Телевизор засмеялся над ней. Но она продолжила свою исповедь. Она написала, что город стал ужасом — насилием над всеми гражданскими свободами. Она написала, что Бюро оказалось тираническим злом. Затем Люсиль стерла эту фразу и заменила ее на другую, отметив, что во всем было виновато правительство, которое вело себя неправильно. Бунтарское настроение было новым для нее — настолько буйным и горячим, что могло бы ошпарить ее, если бы она это позволила. Ей приходилось смягчать выражения.
Она подумала о Давиде и Голиафе и других библейских историях, которые слышала об избранном народе Бога, сражавшемся против грозного угнетателя. Она подумала о евреях, Египте и фараонах.
— Дай моему народу уйти, — произнесла она.
Телевизор ответил ей детским голосом:
— Ладно.
Люсиль рассмеялась.
— Это знак! — сказала она. — Я получила подтверждение, не так ли?
Она писала долгое время. Она писала, пока ее пальцы не начало сводить судорогой; пока текст уже не вмещался на одной странице. К тому времени солнце поднялось над горизонтом, и телевизионная программа перешла на утренний выпуск новостей.
Продолжая писать, Люсиль вполуха прислушивалась к сообщениям диктора.
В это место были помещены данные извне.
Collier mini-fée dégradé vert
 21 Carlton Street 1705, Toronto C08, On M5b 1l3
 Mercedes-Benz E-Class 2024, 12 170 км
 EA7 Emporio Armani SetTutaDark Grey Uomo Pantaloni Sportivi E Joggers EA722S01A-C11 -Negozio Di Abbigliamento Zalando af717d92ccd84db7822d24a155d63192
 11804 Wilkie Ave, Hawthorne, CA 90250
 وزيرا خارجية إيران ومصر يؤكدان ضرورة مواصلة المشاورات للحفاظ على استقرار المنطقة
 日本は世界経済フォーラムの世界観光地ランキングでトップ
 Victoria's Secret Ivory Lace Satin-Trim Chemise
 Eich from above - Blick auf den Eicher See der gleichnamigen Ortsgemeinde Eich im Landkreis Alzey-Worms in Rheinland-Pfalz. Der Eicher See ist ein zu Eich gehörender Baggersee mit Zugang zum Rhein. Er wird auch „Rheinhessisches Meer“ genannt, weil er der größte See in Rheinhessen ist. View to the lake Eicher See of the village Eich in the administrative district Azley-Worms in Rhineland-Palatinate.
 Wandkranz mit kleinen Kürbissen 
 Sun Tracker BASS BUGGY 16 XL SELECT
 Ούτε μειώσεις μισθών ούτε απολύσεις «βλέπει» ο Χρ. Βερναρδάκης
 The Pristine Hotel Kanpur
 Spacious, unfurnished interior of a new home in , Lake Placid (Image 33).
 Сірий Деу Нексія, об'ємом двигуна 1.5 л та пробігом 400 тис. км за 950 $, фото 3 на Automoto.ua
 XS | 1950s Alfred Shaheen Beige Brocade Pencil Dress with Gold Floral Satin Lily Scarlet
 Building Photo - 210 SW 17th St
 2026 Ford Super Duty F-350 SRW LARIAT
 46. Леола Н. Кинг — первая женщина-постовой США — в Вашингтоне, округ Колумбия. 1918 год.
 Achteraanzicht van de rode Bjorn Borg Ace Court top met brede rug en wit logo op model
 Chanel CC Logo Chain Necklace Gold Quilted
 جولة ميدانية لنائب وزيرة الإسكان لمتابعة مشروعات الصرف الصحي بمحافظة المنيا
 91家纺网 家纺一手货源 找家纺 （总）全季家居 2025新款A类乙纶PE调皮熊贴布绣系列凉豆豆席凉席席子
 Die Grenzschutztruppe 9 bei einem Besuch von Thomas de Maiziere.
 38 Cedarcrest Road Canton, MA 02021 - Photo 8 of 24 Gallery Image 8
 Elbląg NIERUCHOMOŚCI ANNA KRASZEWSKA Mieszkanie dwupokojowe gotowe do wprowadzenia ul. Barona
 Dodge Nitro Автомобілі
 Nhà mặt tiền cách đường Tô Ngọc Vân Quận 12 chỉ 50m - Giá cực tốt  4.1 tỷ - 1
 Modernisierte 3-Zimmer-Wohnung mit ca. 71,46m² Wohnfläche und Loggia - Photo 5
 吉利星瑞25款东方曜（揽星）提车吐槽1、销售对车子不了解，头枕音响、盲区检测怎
Ничего нового не происходило. Количество новых «вернувшихся» продолжало увеличиваться. Никто по-прежнему не знал причин их появления. Центры временного содержания разрастались по всему миру. Они возникали не только в сельской местности — в таких городках, как Аркадия — но и в гигантских мегаполисах. Фактически нормальные живые люди попали в осаду — во всяком случае, так утверждали новостные агентства. Люсиль считала, что диктор преувеличивал. Но женщина в Лос-Анджелесе, у которой брали интервью, имела противоположное мнение.
Когда Люсиль закончила свой инвентарный список событий, она перечитала его и подвергла пересмотру. Многое было неважным, однако первые тезисы казались значимыми даже при свете дня. Следовало как-то повлиять на ситуацию, но после молитвы она призналась себе, что это было ей не по силам.
— О, Господи! — прошептала старуха.
Она встала и пошла в спальную. Ее ноги больше не волочились. Они чеканили шаг. В шкафу у задней стенки, под грудой коробок и старой обуви, под пачками налоговых квитанций и кипой непрочитанных книг, под слоем пыли, плесени и паутины, хранился пистолет ее супруга. Она помнила, что в последний раз видела это оружие полсотни лет назад — в ту ночь, когда Харольд сбил собаку на шоссе и они привезли ее домой, чтобы позже пристрелить из жалости. Воспоминание пришло внезапной вспышкой и вновь ушло, словно часть ее ума не хотела ассоциироваться с деталями того события.